Image-text web data
━━━━
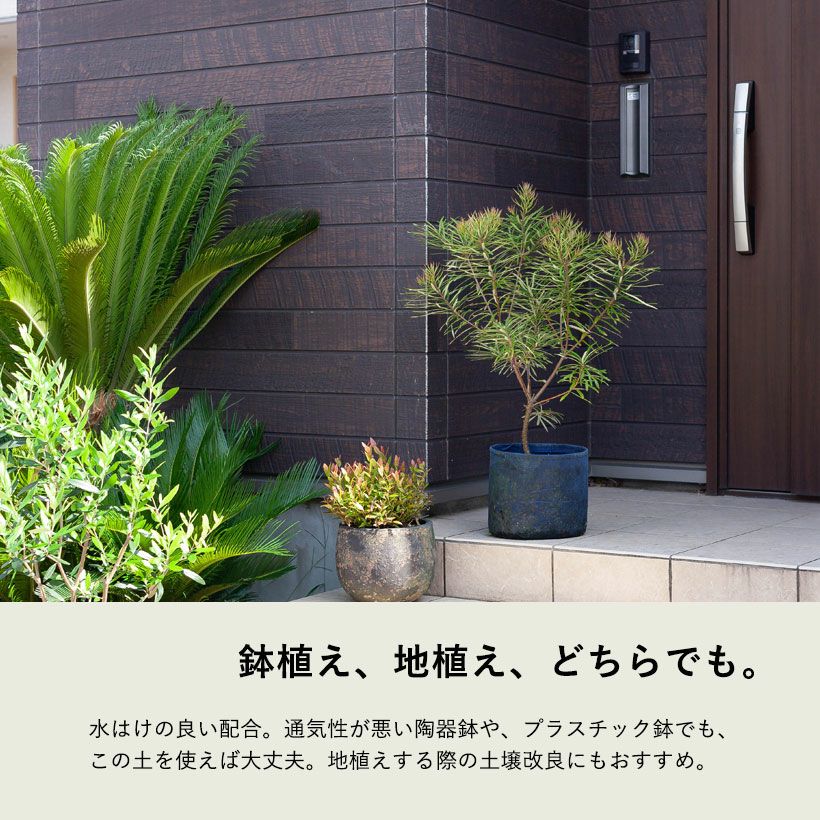 オージープランツ向け培養土｜植え替えに必要な鉢、植物も販売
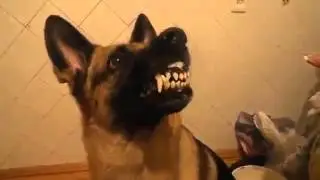 смешная собака| BigFail
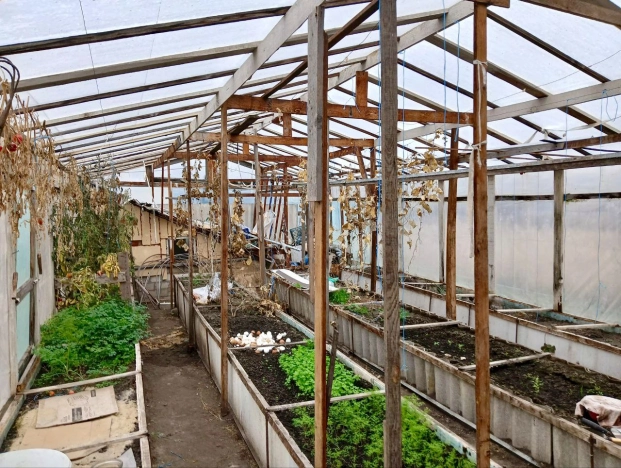 Купить дом в Белгородской области. Вариант № 9164829, 31, площадь -  квм, цена 6300000 рублей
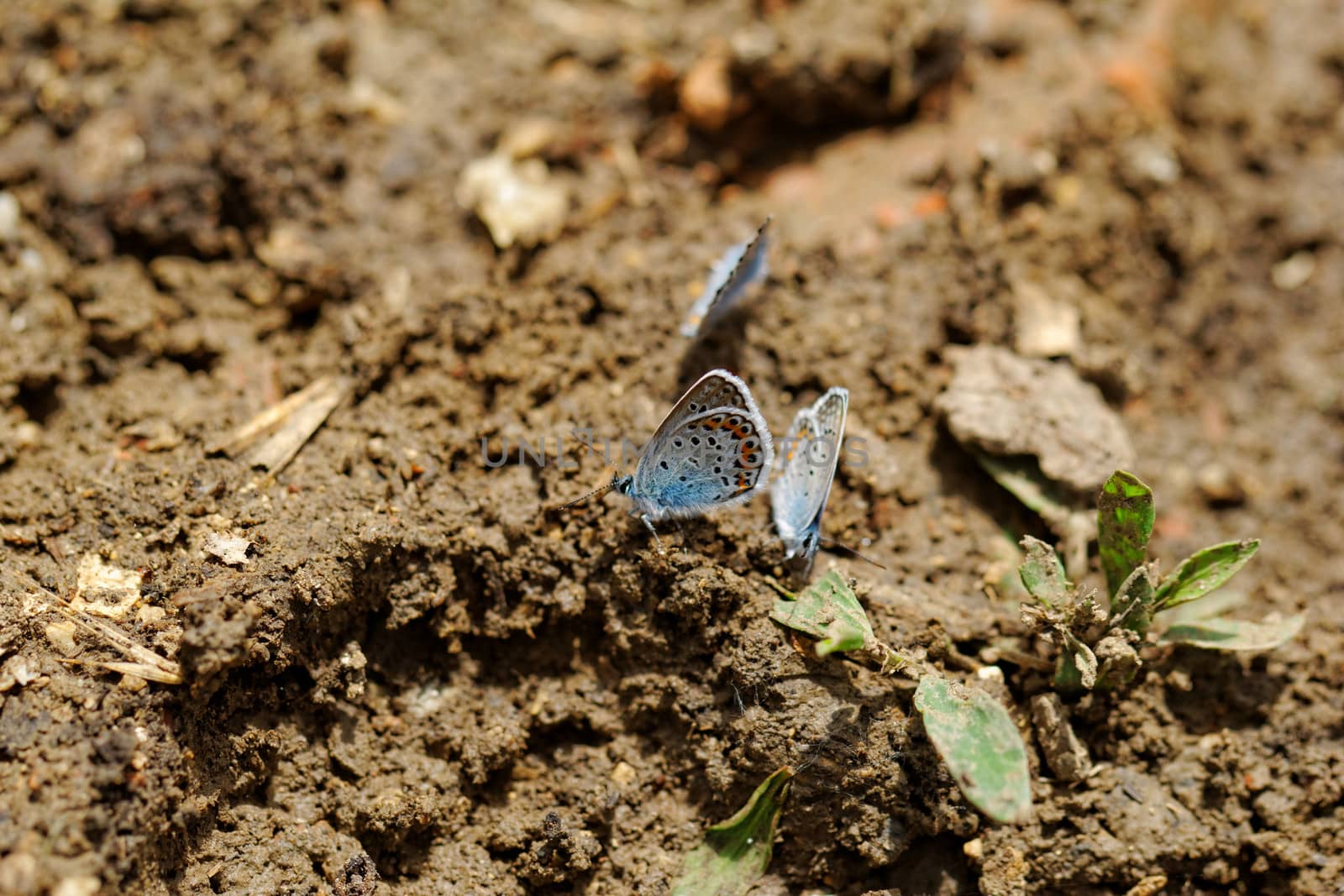 The Silver-studded Blue (Plebejus argus) butterfly by NagyDodo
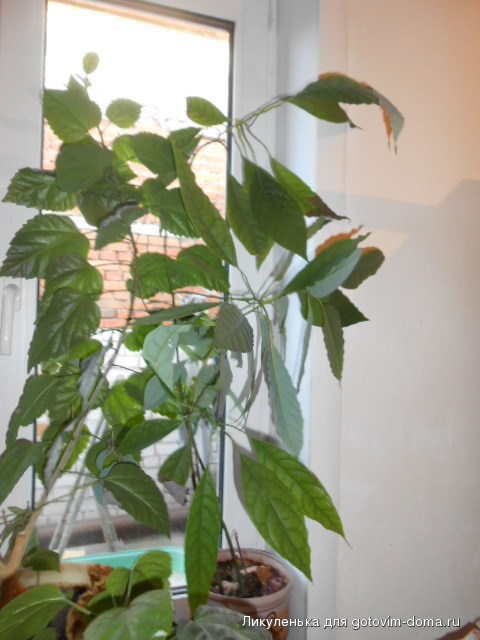 DSCN4786.JPG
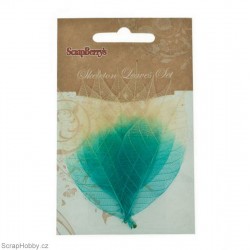 Síťované listy - Gumovníku - tyrkyso-přírodní - 8ks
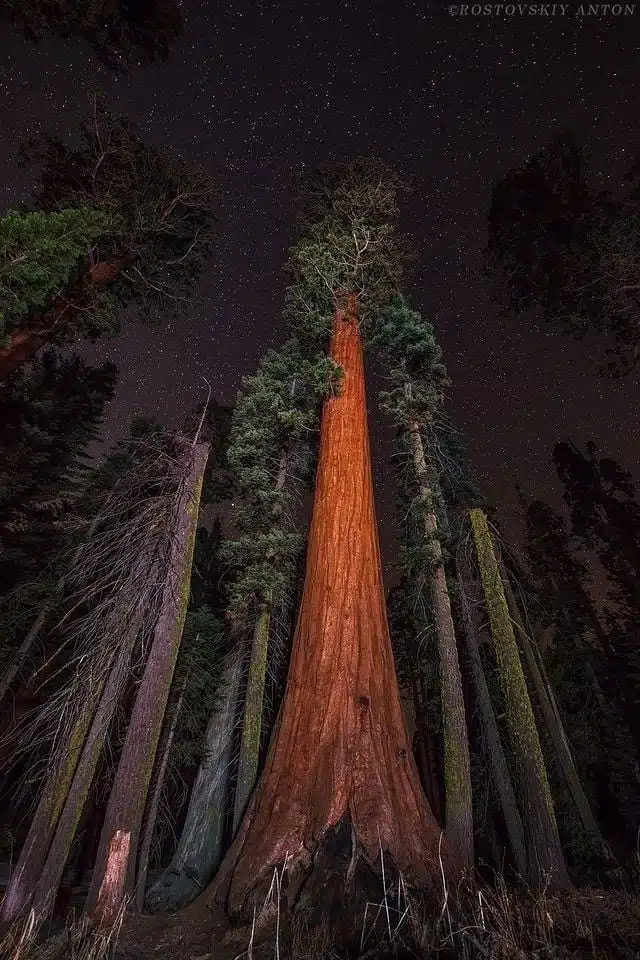Sequoia NP-awaken
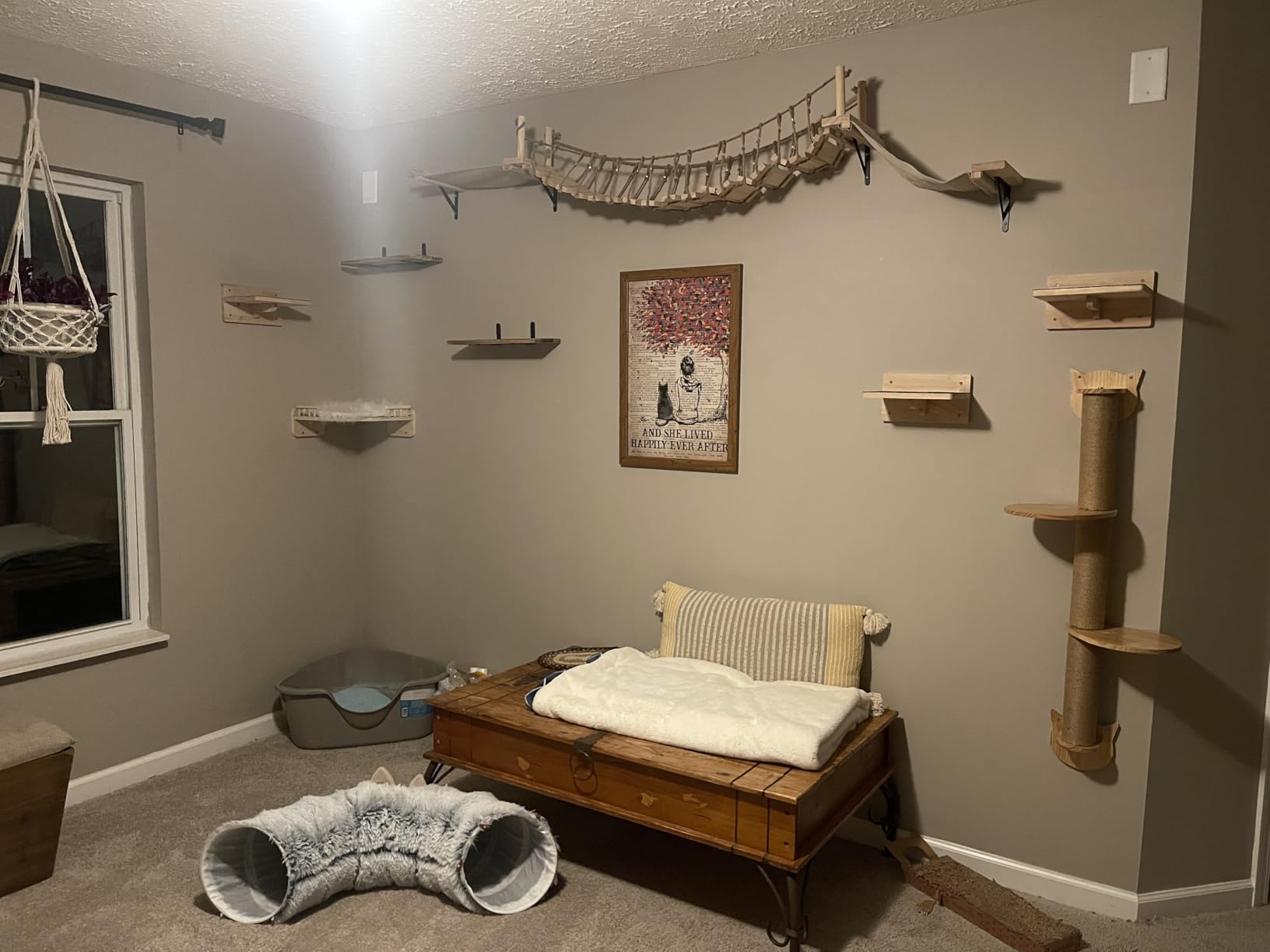 Lenwen Set of 6 Cat Wall Steps Shelf Shelves Wood Cat Climbing Shelves for Cats Mounted Furniture Cats Wall Bed Wood Stairs with Non Slip Felt for Springboard Playing (Classic) customer photo 2
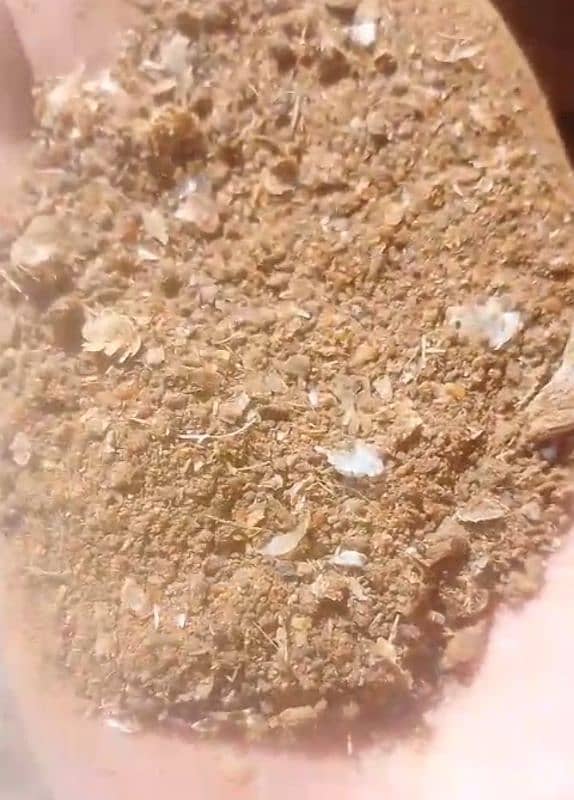 organic fertilizer for plants 0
━━━━
_TASK TO COMPLETE:_
Extract, word for word, each line from the top of the data down to and including the line with "Sequoia NP-awaken"; skip the pictures.

_WRITTEN RESPONSE:_
 オージープランツ向け培養土｜植え替えに必要な鉢、植物も販売
 смешная собака| BigFail
 Купить дом в Белгородской области. Вариант № 9164829, 31, площадь -  квм, цена 6300000 рублей
 The Silver-studded Blue (Plebejus argus) butterfly by NagyDodo
 DSCN4786.JPG
 Síťované listy - Gumovníku - tyrkyso-přírodní - 8ks
Sequoia NP-awaken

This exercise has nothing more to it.